# [TASK DETAILS]
Set down, please, the line that contains "Spálňa s poschodovou" and every line that follows it to the end of the records, exactly; do not include pictures.

# [DATASET CONTENT]
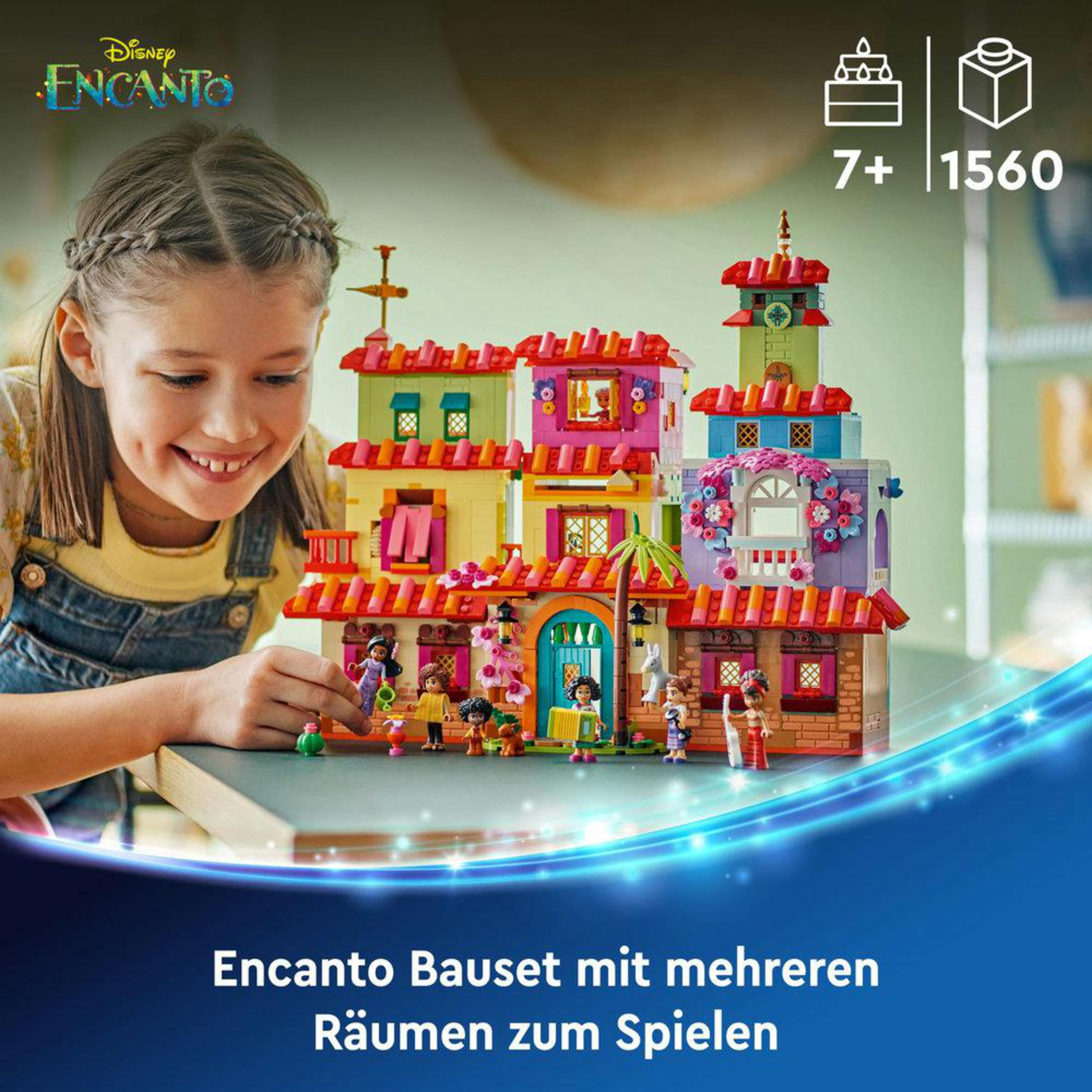 Ein junges Mädchen lächelt, während es mit einem Encanto Lego-Set spielt.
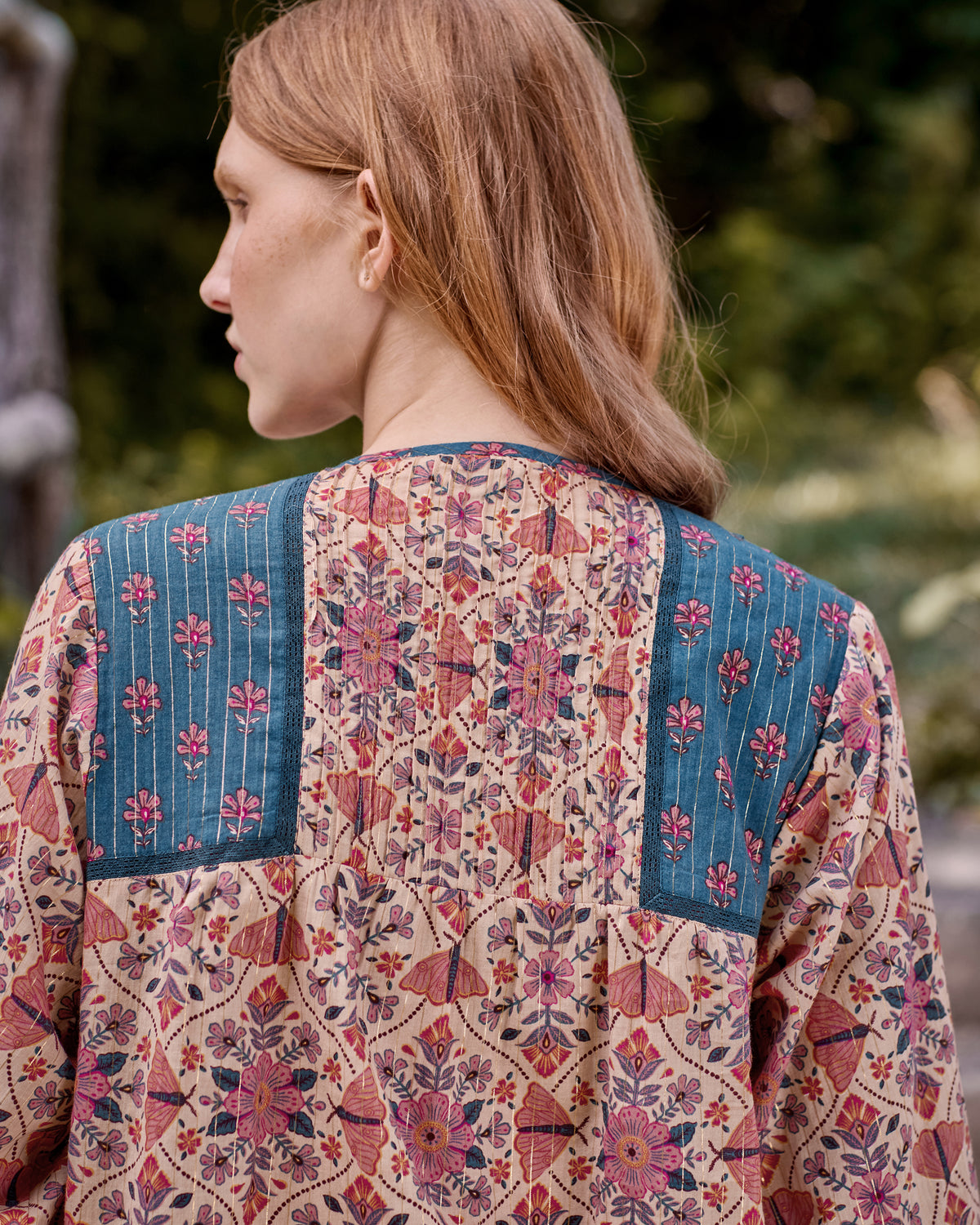 Back view of the Winged Tapestry Denver blouse showing the floral print and blue yoke panels.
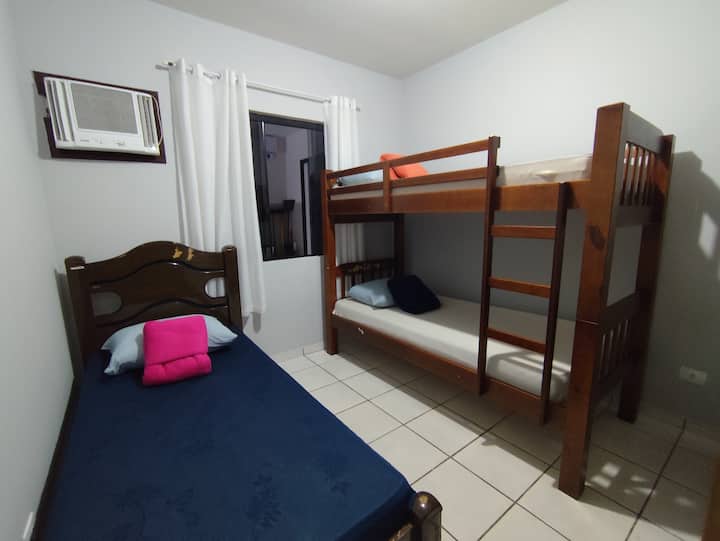 Spálňa s poschodovou posteľou a ďalším jednolôžkom, klimatizovaný priestor a vešiak na oblečenie.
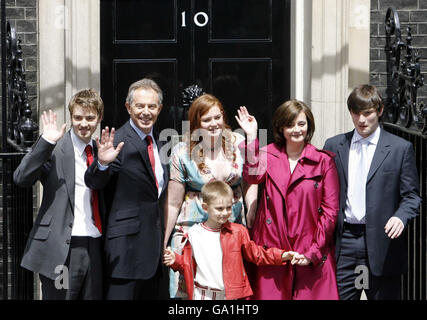 Prime Minister Tony Blair accompanied by his family (left to right Euan, Kathryn, Cherie, Nicky. Front row: Leo) pose on the steps of No.10 as they leave Downing Street, London. Stock Photo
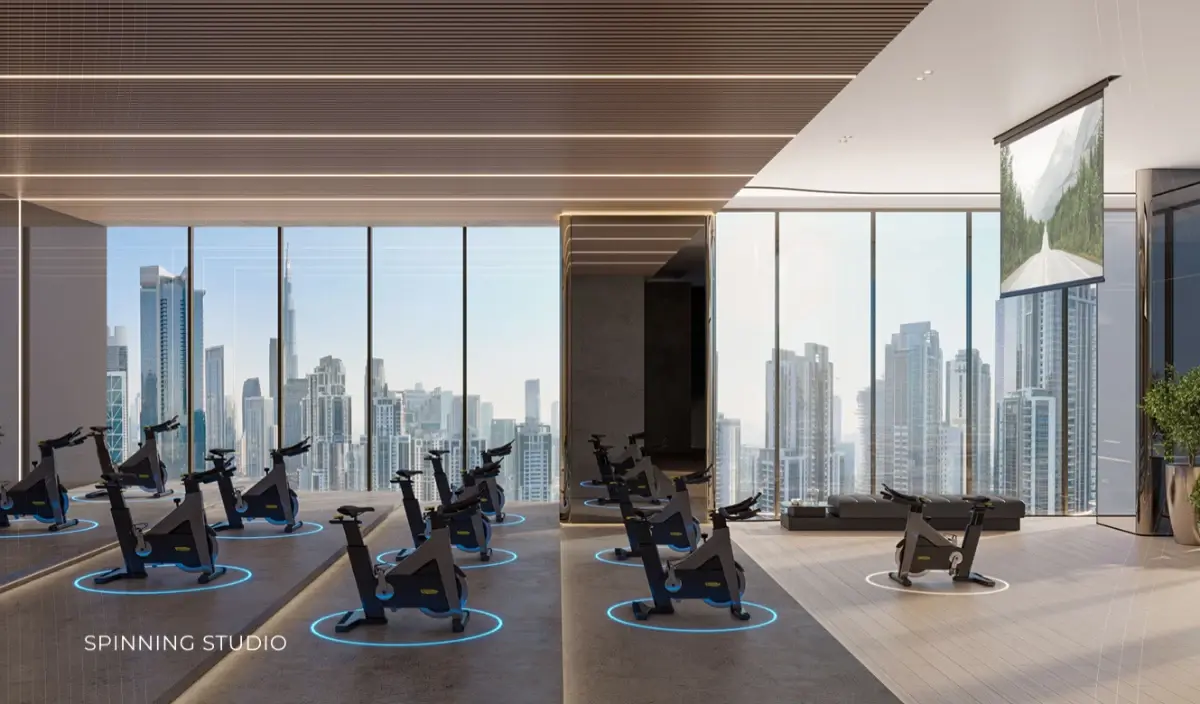 Spinning studio with bikes facing full-height windows at Ellington Berkeley Tower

# [TASK SOLUTION]
 Spálňa s poschodovou posteľou a ďalším jednolôžkom, klimatizovaný priestor a vešiak na oblečenie.
 Prime Minister Tony Blair accompanied by his family (left to right Euan, Kathryn, Cherie, Nicky. Front row: Leo) pose on the steps of No.10 as they leave Downing Street, London. Stock Photo
 Spinning studio with bikes facing full-height windows at Ellington Berkeley Tower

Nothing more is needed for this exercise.